Natalia Ginzburg, esa mujer
No es necesario tomar un ácido o leer a Francis Ponge para darse cuenta de que el árbol es algo insondable, así lo encontremos en un bosque o irrumpa, de golpe, en medio de una calle de la ciudad. ¿En que piensan los árboles? ¿Qué secreto esconden?¿Qué cosa saben que no nos pueden comunicar?
Se supone que la tala de árboles, en la antigüedad, a veces tenía un sentido religioso, se los talaba para despejar el bosque y poder ver el cielo y así contactarse con los dioses.
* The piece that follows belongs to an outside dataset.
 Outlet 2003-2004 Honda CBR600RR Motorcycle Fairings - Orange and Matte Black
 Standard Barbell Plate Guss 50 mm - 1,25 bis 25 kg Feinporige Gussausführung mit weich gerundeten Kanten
Ahora los miro balancearse lentamente bajo la lluvia, como si intentaran decirme algo, pero no sé bien qué.
Esta semana fluvial que pasamos, estuve leyendo una biografía de Natalia Ginzburg –Audazmente tímida- que escribió Maja Pflug, quien fue traductora de la obra de Natalia al alemán. El miércoles bien temprano, Natalia murió en el libro. Pflug lo termina de manera muy seca, con una línea escueta: “Natalia Ginzburg murió el 8 de octubre de 1991”. Unas páginas antes, había narrado cómo la escritora alzaba en sus brazos a uno de sus bisnietos y, contenta, decía: “Esta es la vida, no los libros”. Tengo subrayada esta frase con un resaltador naranja. Supongo que fue porque me hizo recordar que, cuando yo tenía 21 años, había intentado leer Trilce de César Vallejo y no había entendido nada. Pero ese mismo año me fui de viaje durante dos y recorrí Latinoamérica, me crucé con miles de personas y escuché hablar dialectos de todo tipo. Comí en los mercados de la Paz, Cuzco, Quito y repartí el pan con los comensales que se sentaban a mi mesa. Estuve medio año en el Amazonas viviendo con franceses, lugareños, ingleses, brasileños, arañas, delfines rosas, alemanes, hablando una mezcla de múltiples lenguajes. Cuando volví a casa, agarré Trilce y el libro me partió la cabeza. El viaje, la experiencia acumulada, me había abierto el oído para escuchar los versos extraños de César Vallejo. Es decir que no comprendí Trilce leyendo libros que me explicaran Trilce, sino viviendo.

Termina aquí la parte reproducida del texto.